The senatorial party were hated by the multitude throughout Italy. They had tyrannized over the allied cities and over the provinces. They had treated the majority of the soldiers in the armies of the republic as if they were little better than slaves. They had excluded the Samnites, Marsians, Pelignians, and Marrucinians from citizenship. They had been responsible for the fearful slaughter and devastation of the Social war. And now they insisted upon depriving the new citizens of political influence proportioned to the number of votes.

Cinna fled to southern Italy, where the new citizens were most numerous. He was received with great demonstrations of popular favor. He asked for soldiers, and a multitude were ready to follow him. At the head of an army he returned to the capital.
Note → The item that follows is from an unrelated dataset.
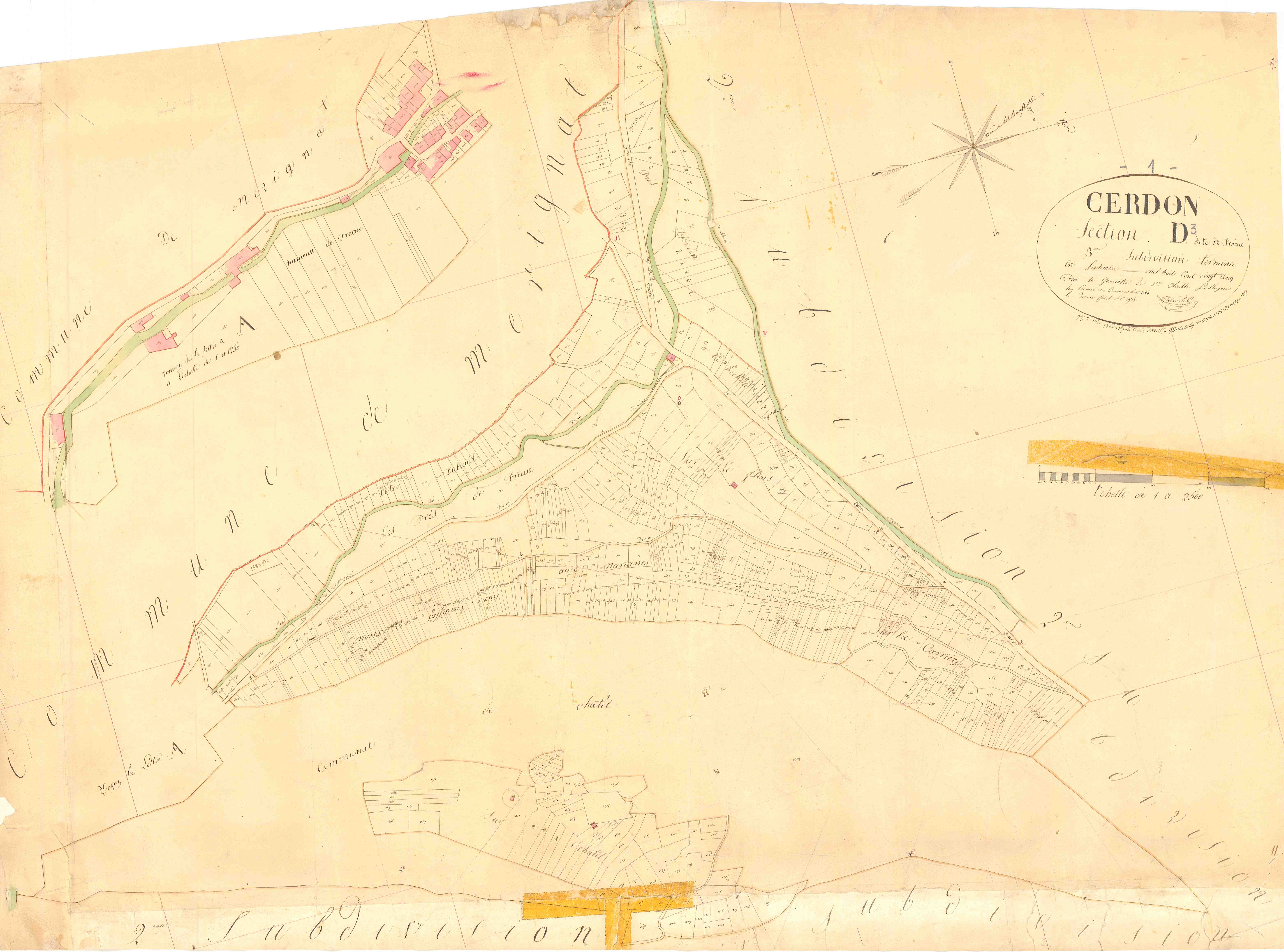 Cerdon - 3 P 4840 - 3 P 4840 -  Feuille 3  (1825)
The senators and their dependents were a ferocious mob, but they were not anxious to meet disciplined troops. The gates were opened to Cinna, who was accompained by Marius, furious against the senators who had declared him an outlaw. He had a band of ruffians, who murdered every man pointed out to them as an enemy of Marius. The man to whom their hero refused to speak in the street was slain at once. The slaughter and other violations of public order were frightful for day after day. For a time Cinna did not interfere; but after the disappearance of all the enemies whom Marius had denounced, Sertorius, with the approval of the consul, started out with his troops, and cut down all the marauders, several thousand in number. Then a semblance of order was restored. In January

86 B. C. the time came round for a consular election, but none was held. Cinna and Marius simply usurped the office, the latter now holding it for the seventh time. He had held it only two weeks when a natural death overtook him in his bed.
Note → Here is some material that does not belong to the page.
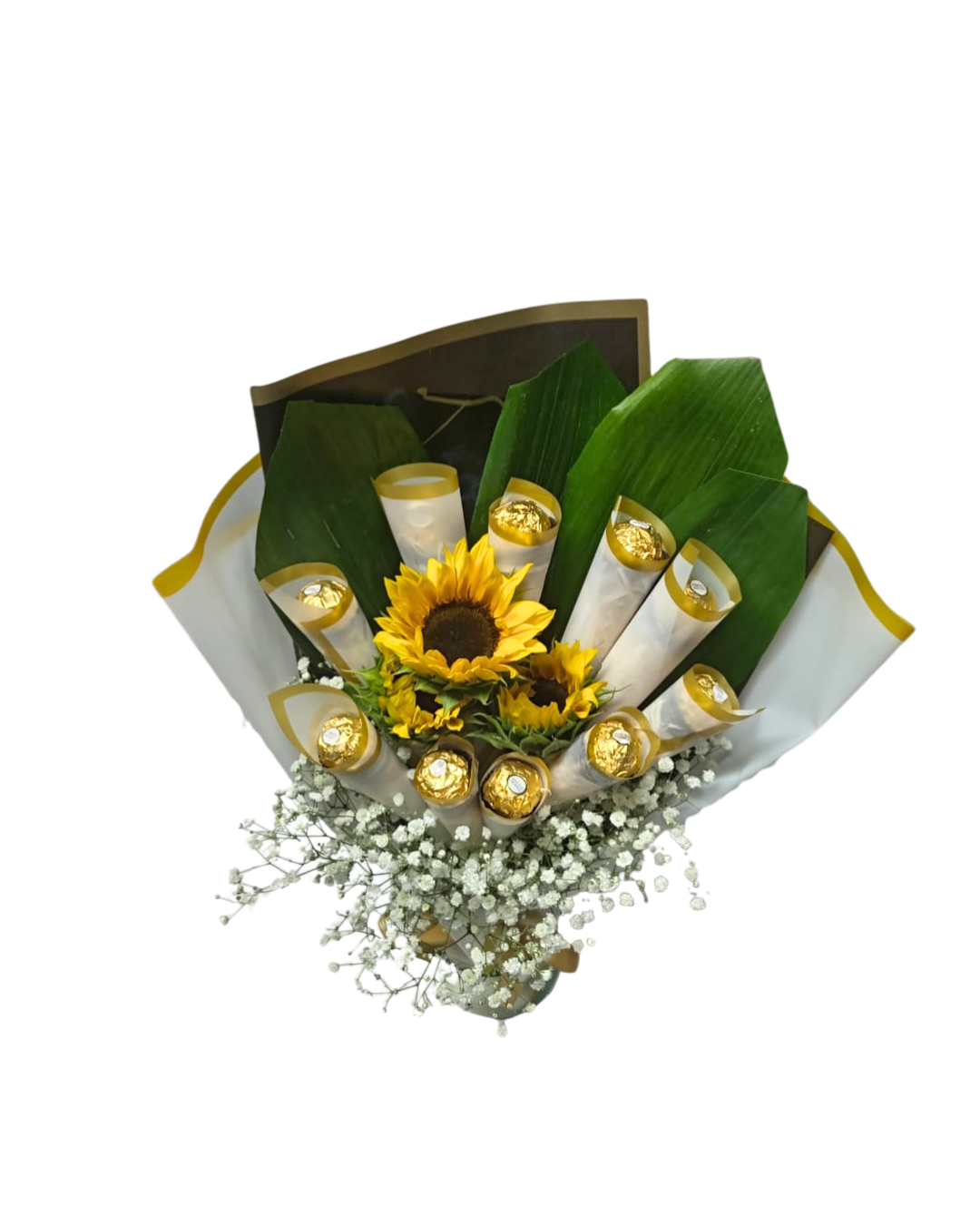 Golden Glow Sunflower Bouquet - Jihaans Flower Emporium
Without any known protest by the senate or popular assembly, Cinna, and his colleague, Carbo, declared themselves consuls in 85 and again in 84 B. C. In the latter year, after having been despot of Rome for three consular terms, Cinna was slain by some mutinous soldiers. In 83 B. C., when it was known that the conqueror of Mithradates was about to return with his army, determined, as he publicly declared, to take vengeance on his enemies, the leaders of the Marian party considered it advisable to hold an election for consuls. They chose two men of little note.

In the summer of that year Sulla arrived in Italy. Although he had announced that he would not interfere with "the rights of citizens new or old," he was regarded as the enemy of the newly enfranchised citizens, who looked upon the Marian party as their benefactors and friends. The consuls therefore obtained numerous recruits from Samnium, Apulia, Campania, Lucania, and other Italian districts recently admitted to Roman citizenship, and Sulla had a difficult task before him. The war resembled that against the rebellious allies six years previously. The Samnites did not lose their hereditary feelings. Though Roman citizens, they still hated Rome. An army of them, while opposing Sulla, attempted to seize the city, and their avowed purpose was to "destroy the lair of the wolves." If they had succeeded in getting possession, they might have taken vengeance for the ruthlessness with which their country had been treated.